YOUR GOAL. Exact copy, pictures excluded: print the lines from the one with "Napoli, licenziati gli" through the final line of the records.

== SOURCE DATA

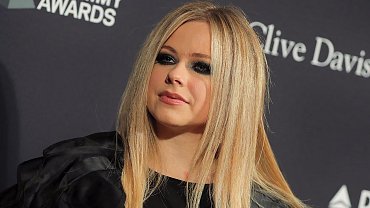 Clique na imagem para uma verso maior

Nome:	         avril_lavigne_2020_grammy_party_wallpaper_1080p_by_devilfish89_ddpabir-fullview.jpg
Visualizaes:	1
Tamanho: 	94,2 KB
ID:      	50062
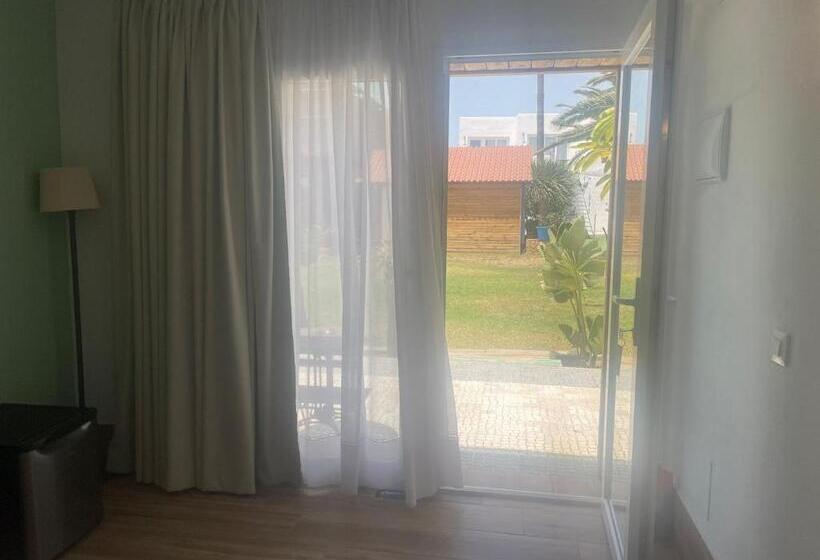 Пансион Habitaciones Sajorami Beach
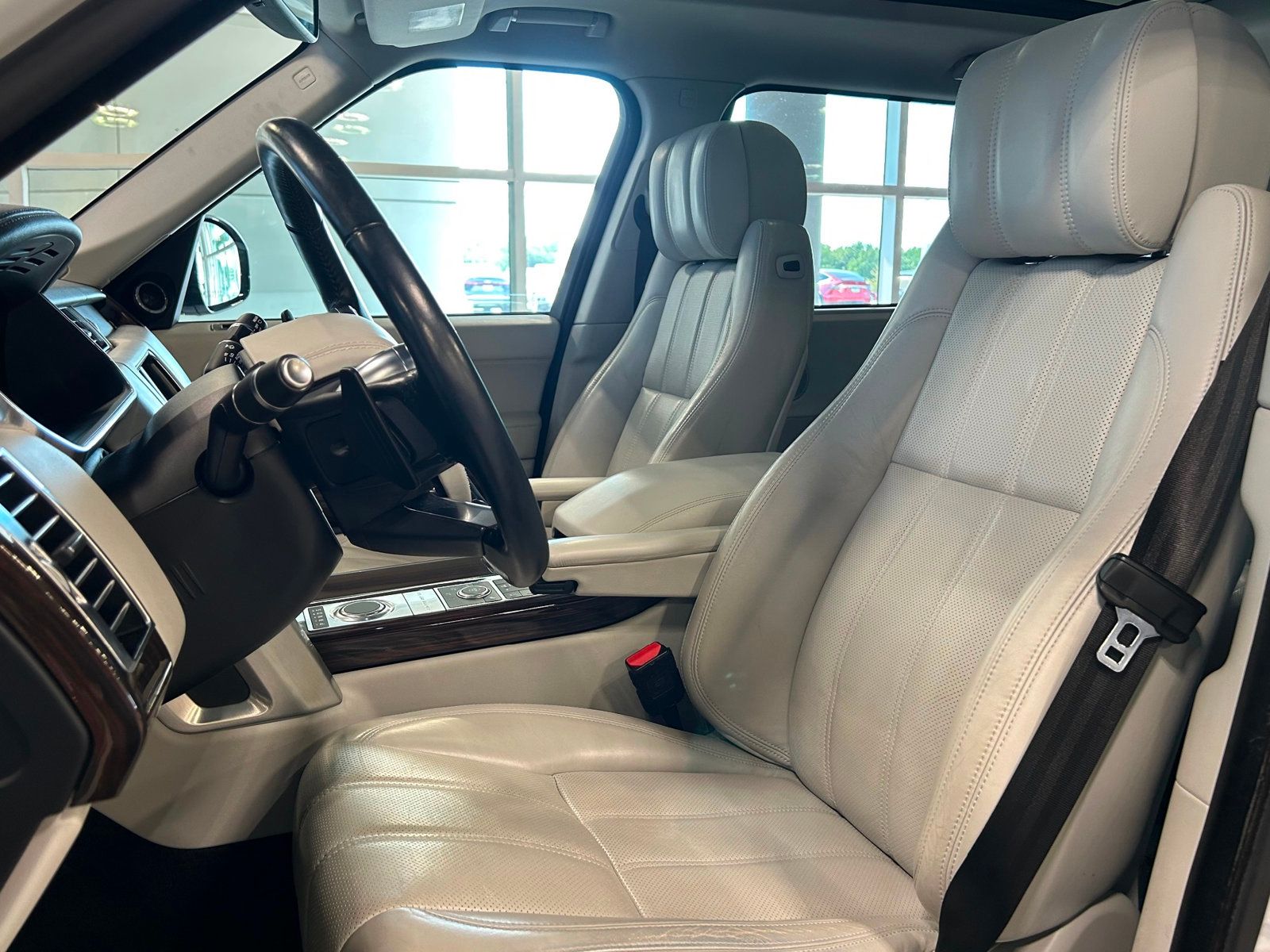 2016 Land Rover Range Rover Supercharged LWB photo 22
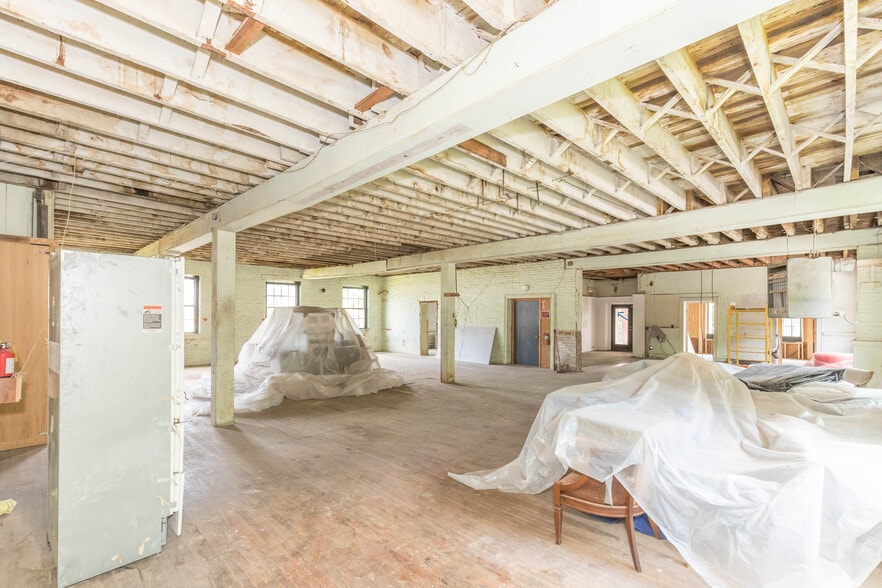 More Photos Of 1340 W Main St, Wytheville Loft Creative Space For Sale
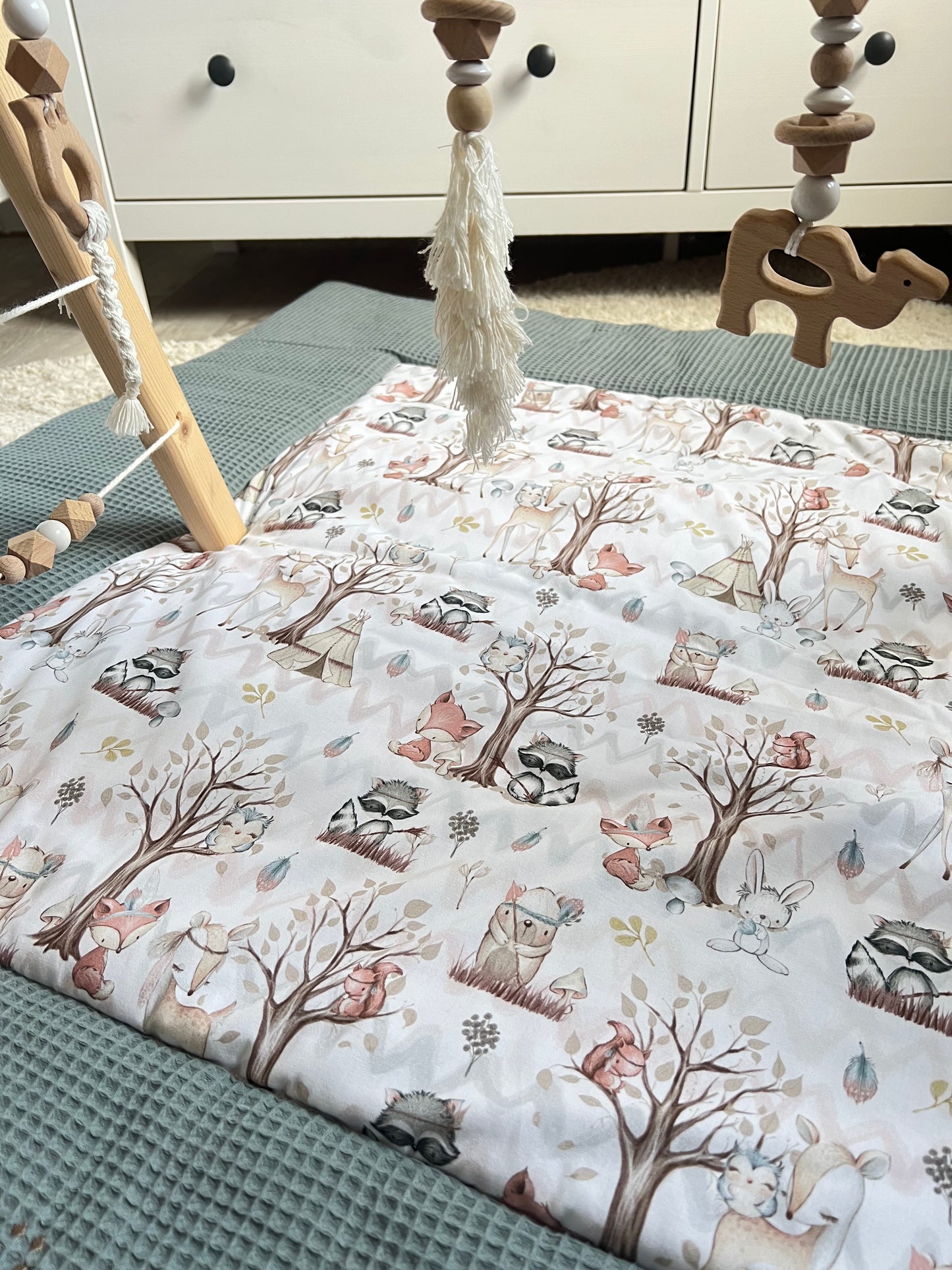 Krabbeldecke „Waldtiere+Waffelpique altgrün"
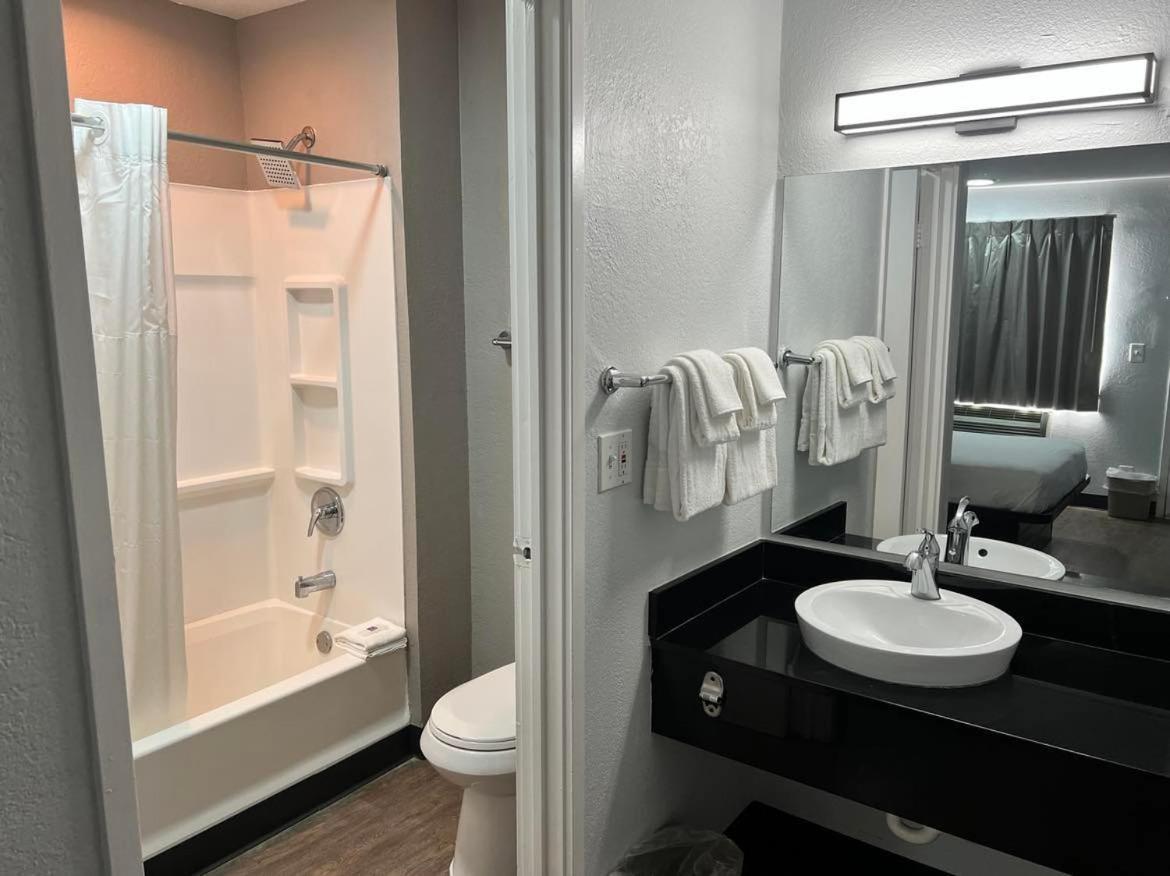 Motel 6-Lakeland, FL photo 6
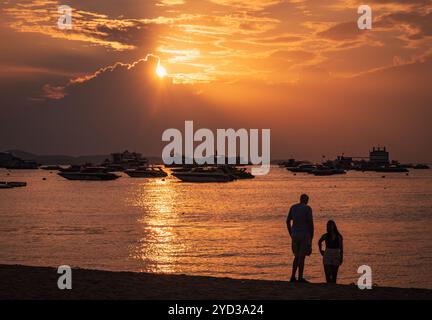 Regarder le coucher de soleil sur Pattaya Beach Thaïlande Asie du sud-est Banque D'Images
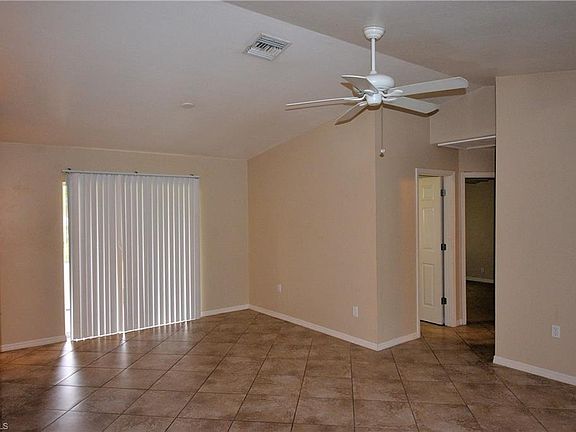 4th image of 418 SE 22nd St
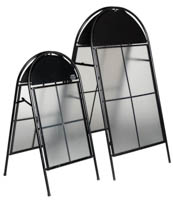 A-teline, mainosteline joka tunnetaan myös katuseisojana mainosten ja opasteiden näyttämisee - samassa kuvassa iso ja pieni telinekoko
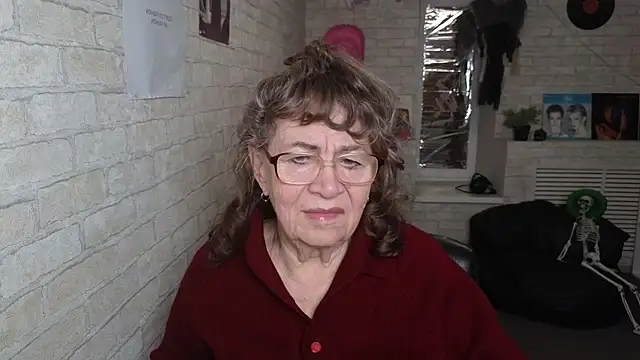 Betty_Brick élő XXX-chatje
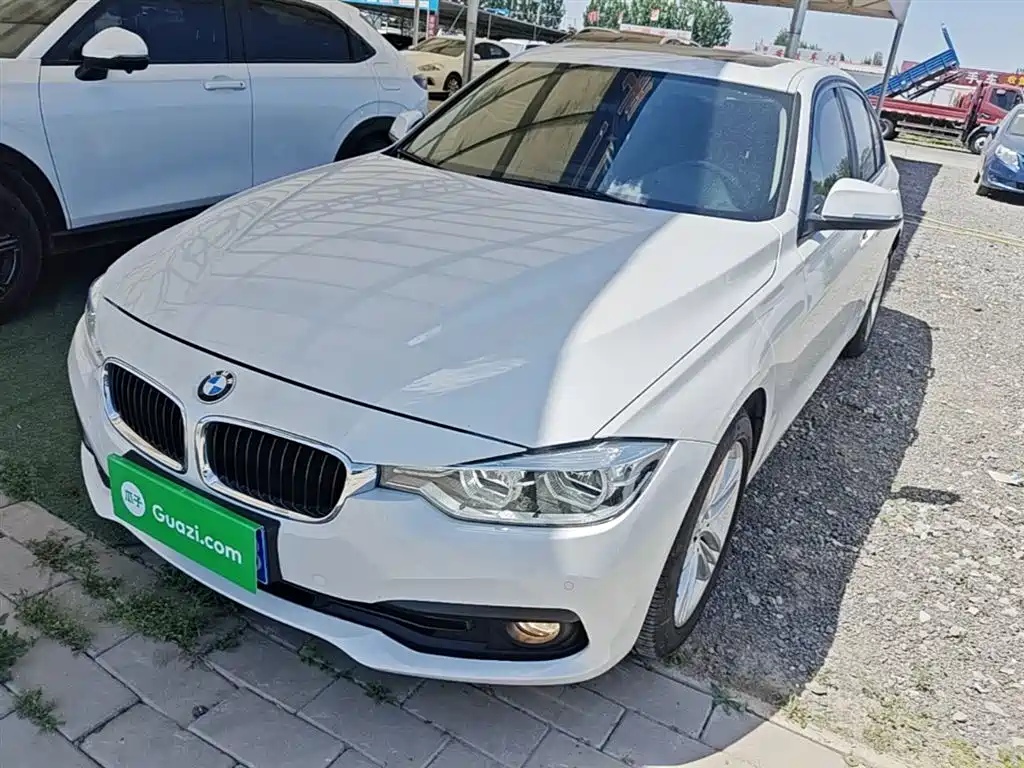 BMW 3 Series 2017 318i Fashion фото 2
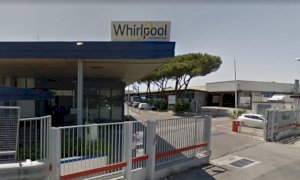 Napoli, licenziati gli operai della Whirlpool, sale la tensione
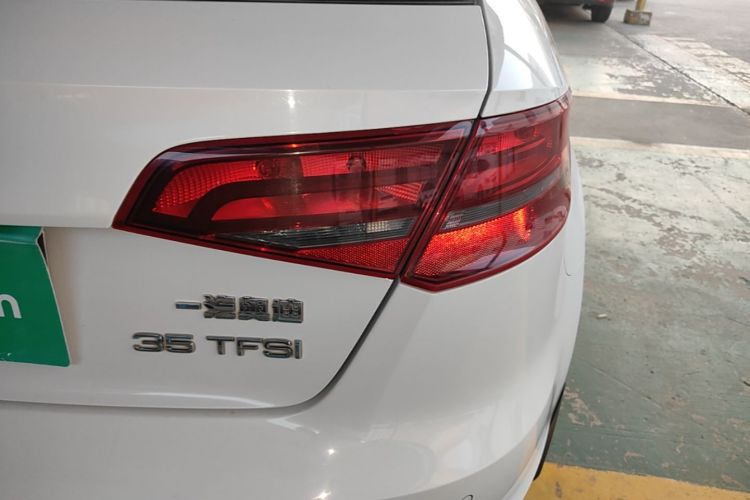 Audi A3 2015 car image #8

====

ANSWER SECTION.
 Napoli, licenziati gli operai della Whirlpool, sale la tensione
 Audi A3 2015 car image #8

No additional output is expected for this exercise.